Through this analysis, we can identify the customers we should be pitching offers to in an effort to get them to spend more with us, and avoid wasting time and money on customers that have little ability to spend more.

- **DBSCAN Clustering**:
  - Implement DBSCAN and compare its segmentation with K-Means and Hierarchical clustering.
  - Analyze the clusters formed by DBSCAN for any unique characteristics.

- **Principal Component Analysis (PCA)**:
  - Apply PCA to the data and visualize the results.
  - Discuss how dimensionality reduction impacts the clustering results and its potential use in simplifying complex datasets.


In [None]:
from sklearn.cluster import DBSCAN

epsilon = 0.5  # I tried different values until I got a low number of noise points.
min_samples = 10 # Tried different values, this seemed like a good balance.

# Apply DBSCAN clustering
dbscan = DBSCAN(eps=epsilon, min_samples=min_samples)
data2['DBSCAN_Cluster'] = dbscan.fit_predict(scaled_data2)

# The cluster labels in DBSCAN include -1 for noise points
# You can explore the number of clusters found and the number of noise points
n_clusters_ = len(set(data2['DBSCAN_Cluster'])) - (1 if -1 in data2['DBSCAN_Cluster'] else 0)
n_noise_ = list(data2['DBSCAN_Cluster']).count(-1)

print(f"Estimated number of clusters: {n_clusters_}")
print(f"Estimated number of noise points: {n_noise_}")

# Visualize the DBSCAN clusters
plt.scatter(data2['Annual Income (k$)'], data2['Spending Score (1-100)'], c=data2['DBSCAN_Cluster'], cmap='viridis')
plt.title('DBSCAN Customer Segmentation')
plt.xlabel('Annual Income')
plt.ylabel('Spending Score')
plt.show()

The clustering with DBSCAN is similar to that with k-means, although DBSCAN classifies as noise some outlying points that k-means identifies as being in the clusters.  Adjusting epsilon up or down tends to reduce the number of clusters, and I like the five that we established earlier.

In [None]:
from sklearn.decomposition import PCA

# Apply PCA to reduce the data to 2 principal components
pca = PCA(n_components=2)
principal_components = pca.fit_transform(scaled_data2)

# Create a DataFrame with the principal components
pca_df = pd.DataFrame(data=principal_components, columns=['Principal Component 1', 'Principal Component 2'])
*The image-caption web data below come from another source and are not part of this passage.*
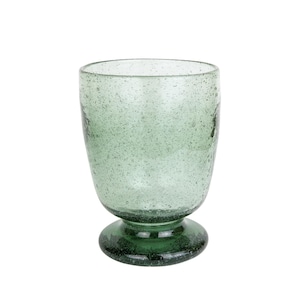 May include: A green-tinted glass goblet with a rounded bowl and a short, circular base. The glass has a speckled texture, and the base is a darker shade of green. The goblet is designed for beverages.
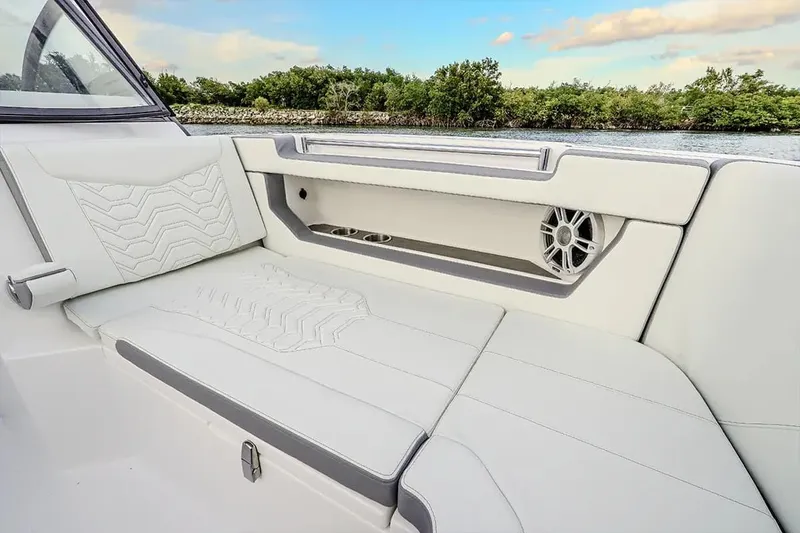 Slide: The Image of Interior of 2026 Twin Vee 280 GFX2 DC with luxurious upholstery. - 8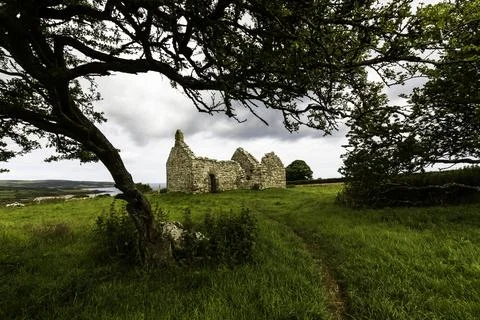 Beautiful old welsh chapel or church, ruin, sky as copyspace top, framed by.. Stock Photos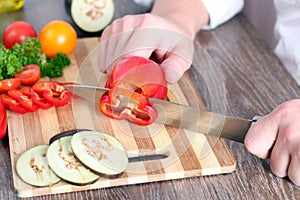 Man chopping paprika on cutting board with knife in kitchen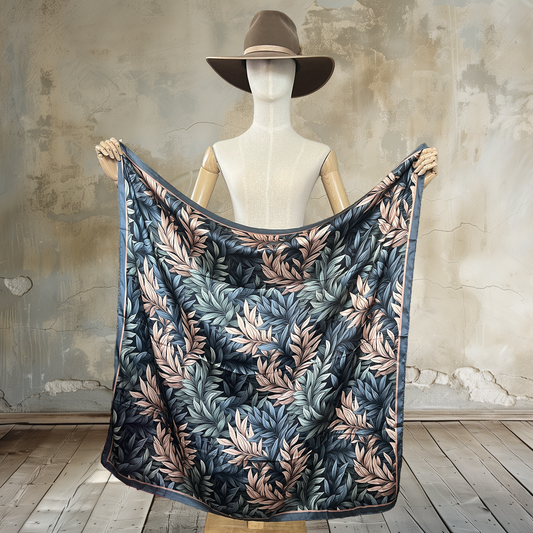 Find tranquility with our Whispering Leaves Wild Rag. Shades of grey/blue, wheat, and green form delicate leaf patterns on this 39" square of

100% satin silk. Elevate your style with this subtle and nature-inspired accessory.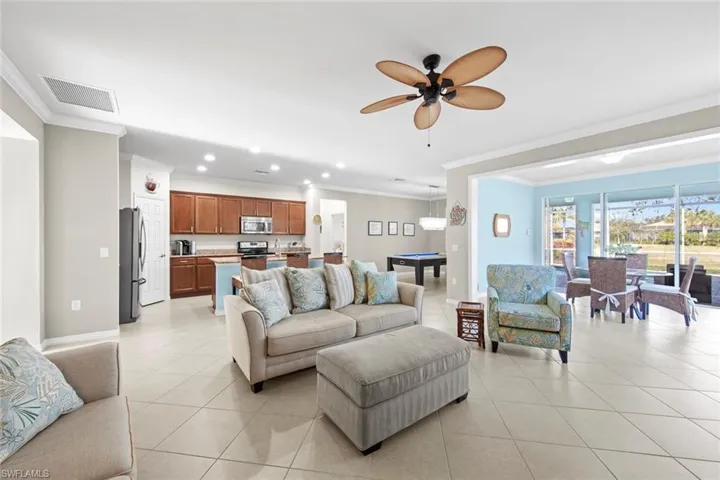 Living room featuring ornamental molding, light tile patterned floors, billiards, a ceiling fan, and recessed lighting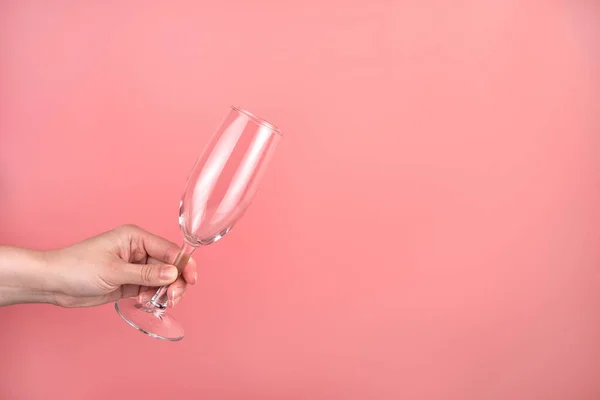 Copa de champán en la mano de una mujer sobre un fondo rosa. — Foto de Stock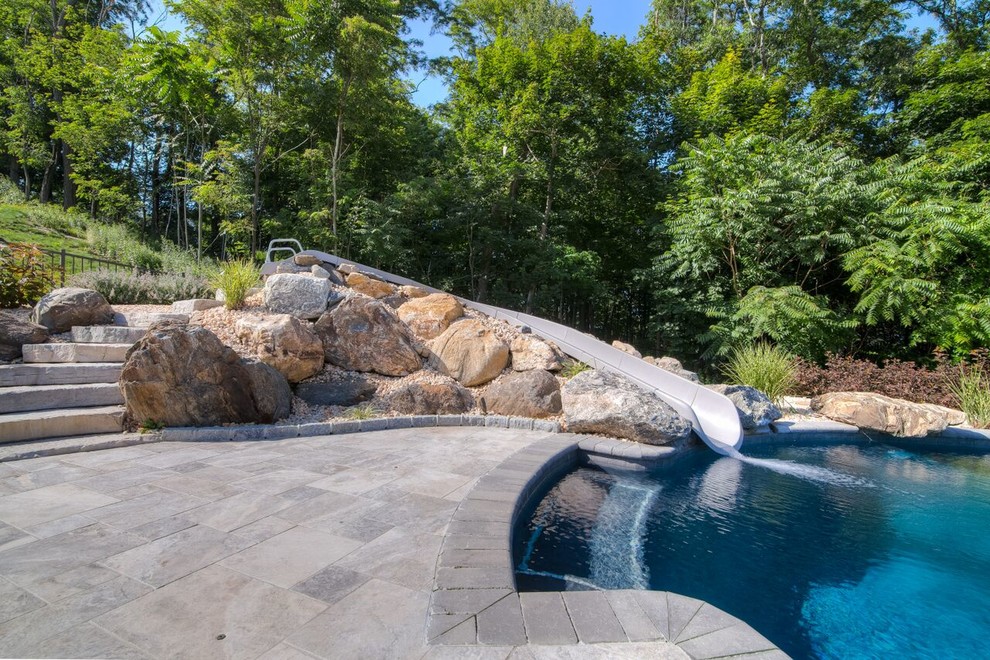 Diseño de piscina con tobogán infinita actual a medida en patio trasero con adoquines de piedra natural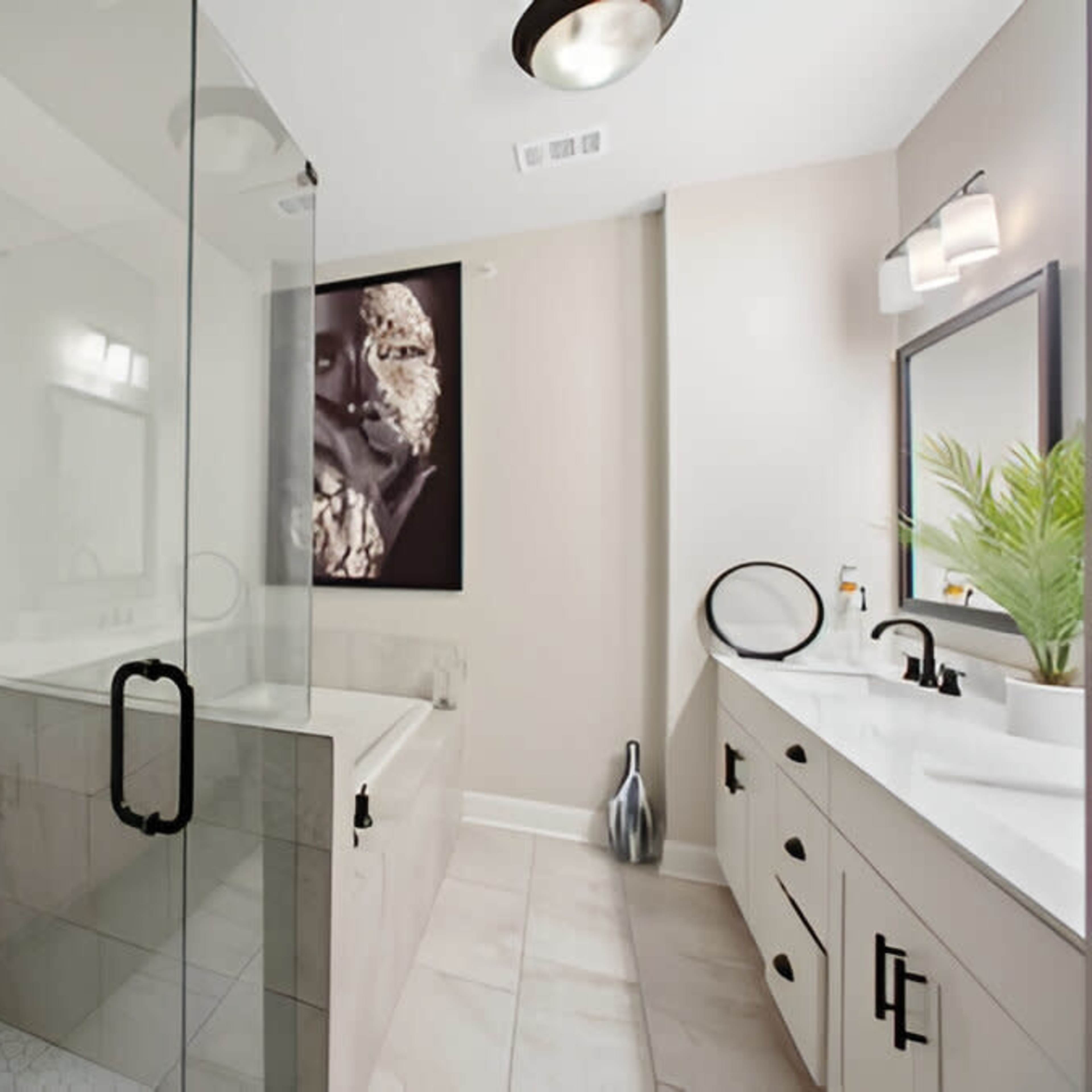A modern bathroom featuring a glass shower enclosure, a freestanding bathtub, and a double vanity with a large mirror.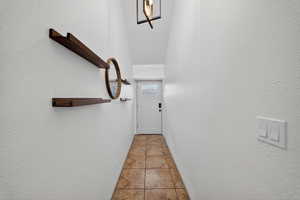 Doorway with a textured wall and tile patterned floors
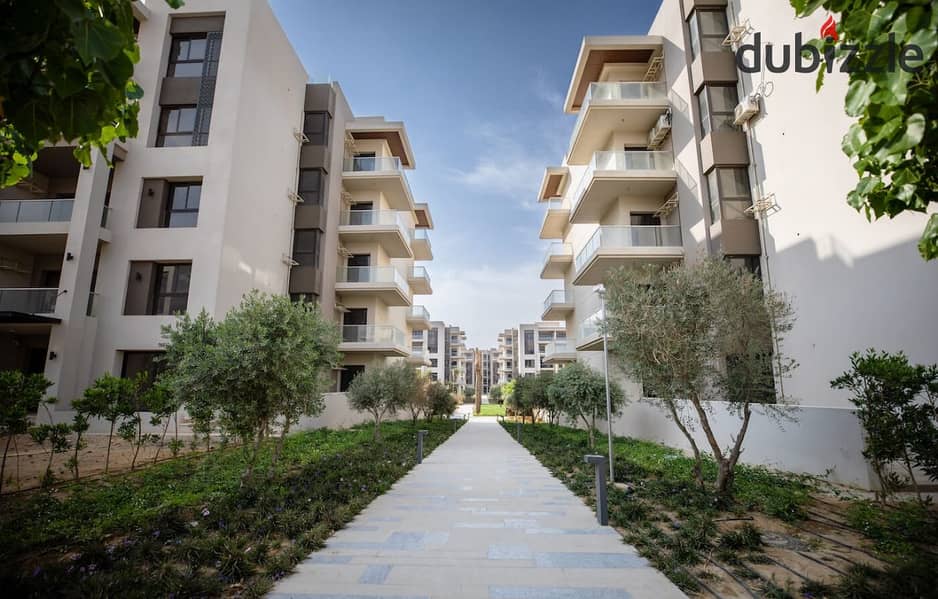 apartment with a garden, Ready to move, for sale in The Address East, New Cairo 0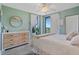 Bright bedroom with a dresser, a queen-size bed, and balcony access at 670 Island Way # 500, Clearwater Beach, FL 33767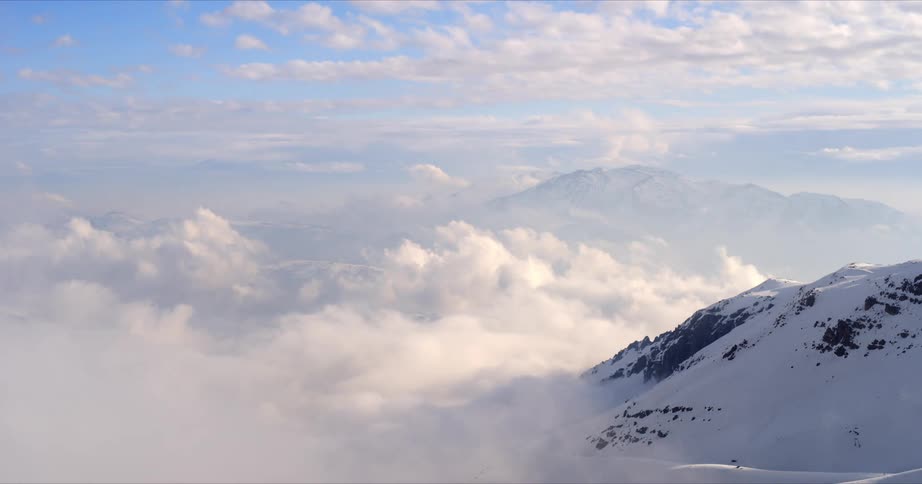 Clouds roll over winter sunset mountains in timelapse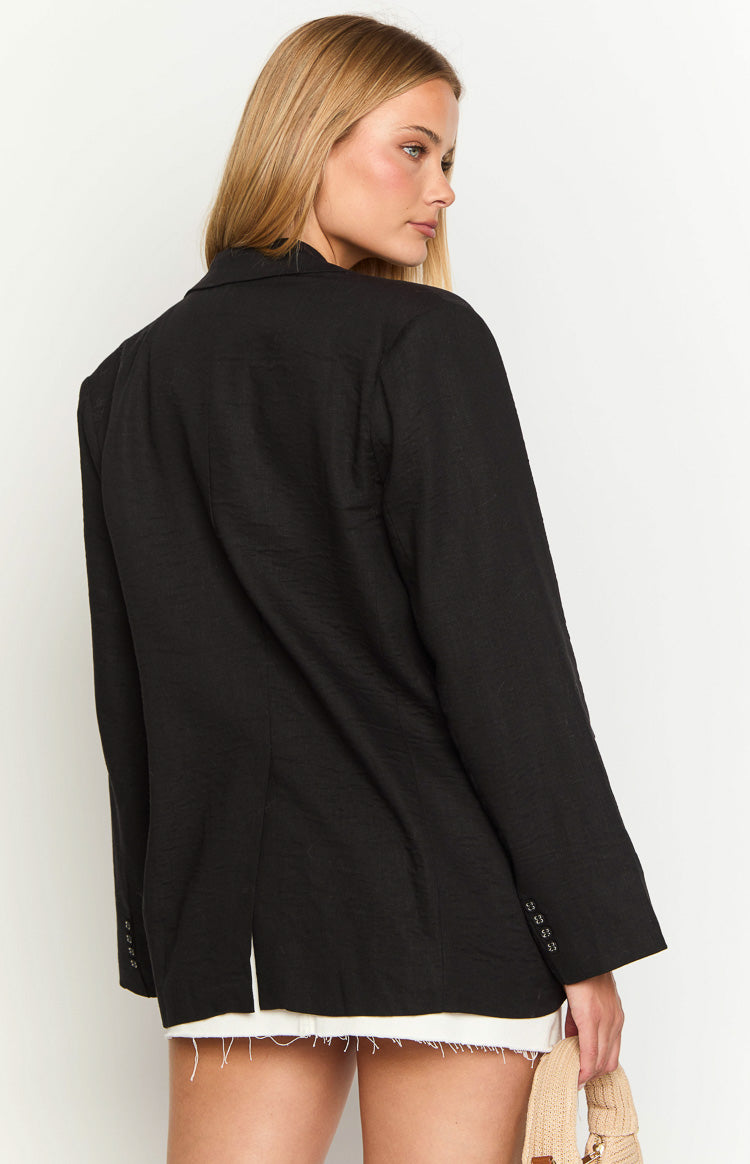 Rear view of a black linen blend blazer showing the textured fabric, single back vent, and cuff buttons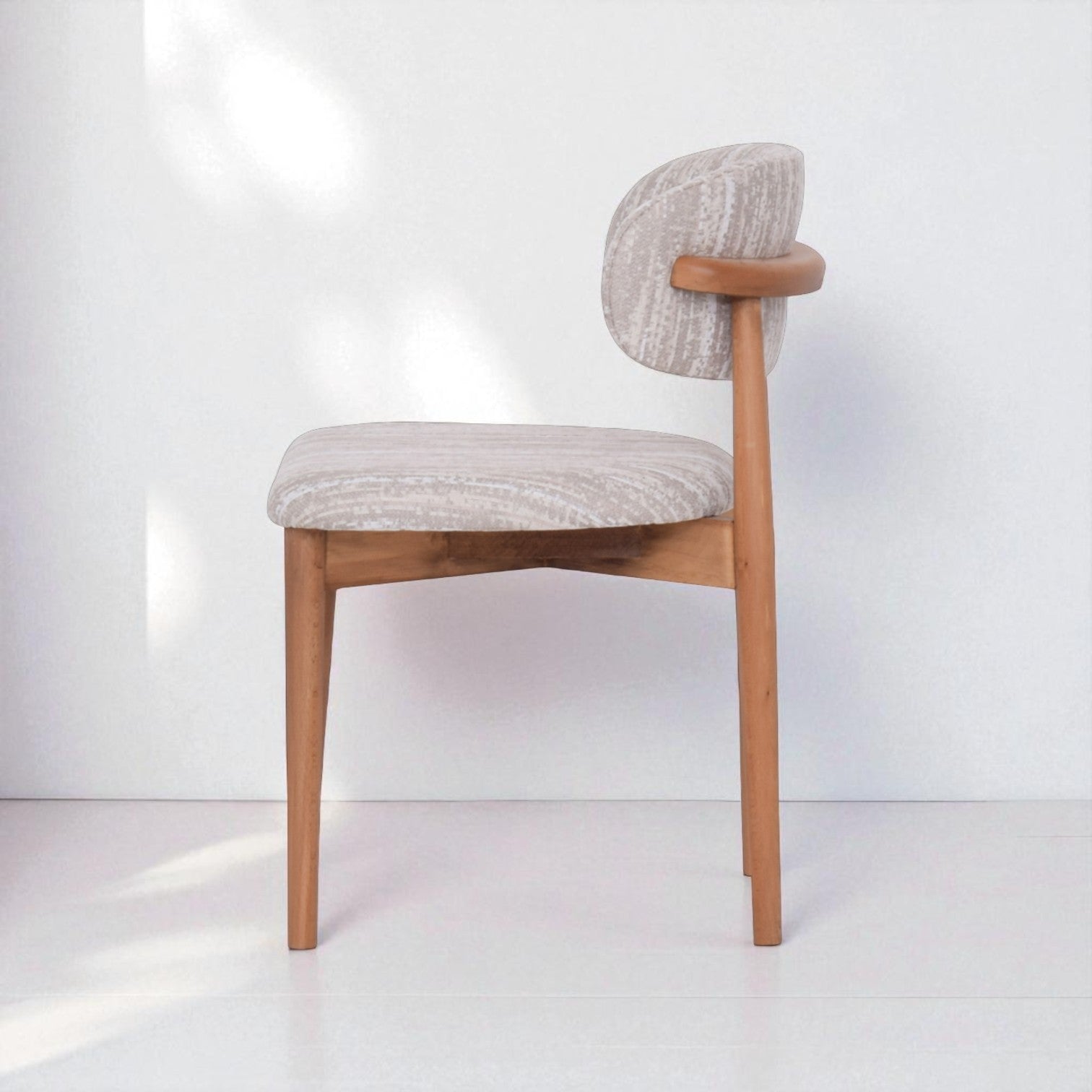 Chair with wooden frame and gray cushioned seat and backrest on a white background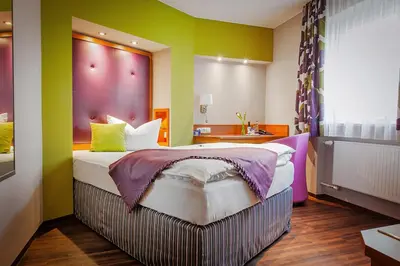 Ein Bett oder Betten in einem Zimmer der Unterkunft Hotel Am Turm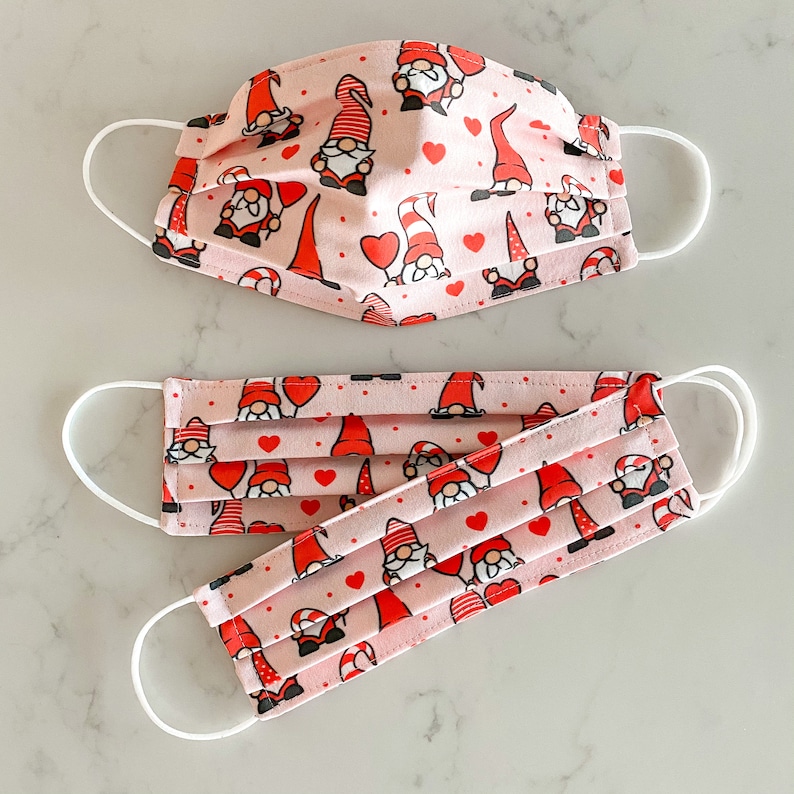 May include: Two pink face masks with white elastic ear loops. Both masks feature a repeating pattern of red hearts and cartoon gnomes.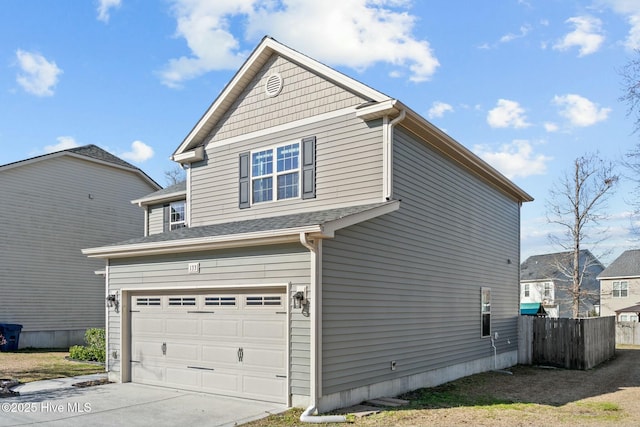 view of side of home with driveway, an attached garage, and fence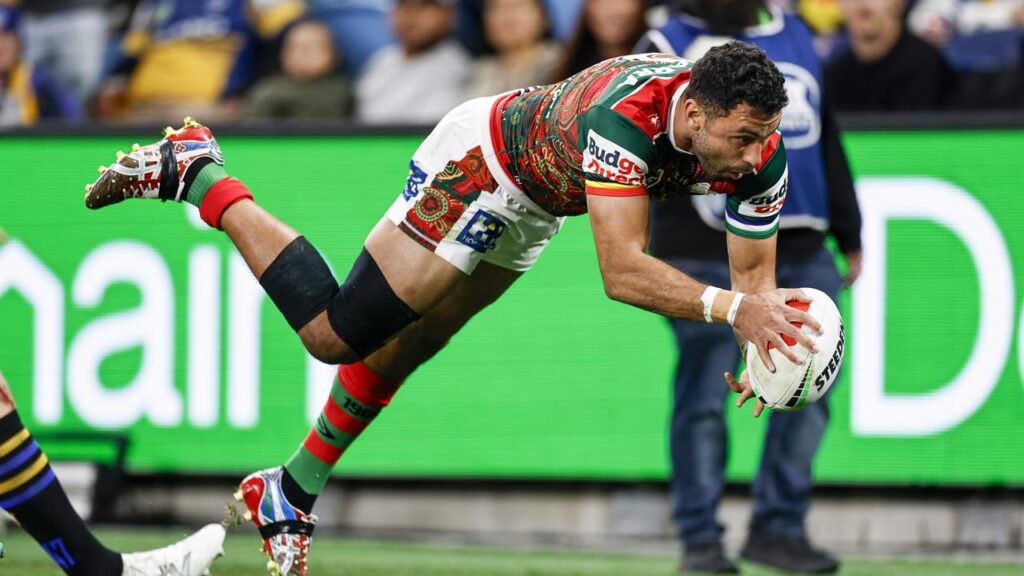 Souths winger Alex Johnston has scored three tries in a thrilling Rabbitohs win over Parramatta.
# Add the cluster labels to the PCA DataFrame (using the KMeans clusters for visualization)
pca_df['Cluster'] = data2['Cluster'] # You can use DBSCAN clusters here as well

# Visualize the data in the PCA space
plt.figure(figsize=(8, 6))
plt.scatter(pca_df['Principal Component 1'], pca_df['Principal Component 2'], c=pca_df['Cluster'], cmap='viridis')
plt.title('Customer Segmentation (PCA Reduced)')
plt.xlabel('Principal Component 1')
plt.ylabel('Principal Component 2')
plt.show()

# You can also examine the explained variance ratio of each principal component
explained_variance_ratio = pca.explained_variance_ratio_
print(f"Explained variance ratio of principal components: {explained_variance_ratio}")

Although we only had two features to begin with, using PCA shows that they are about equally important.

The analysis remains the same as above.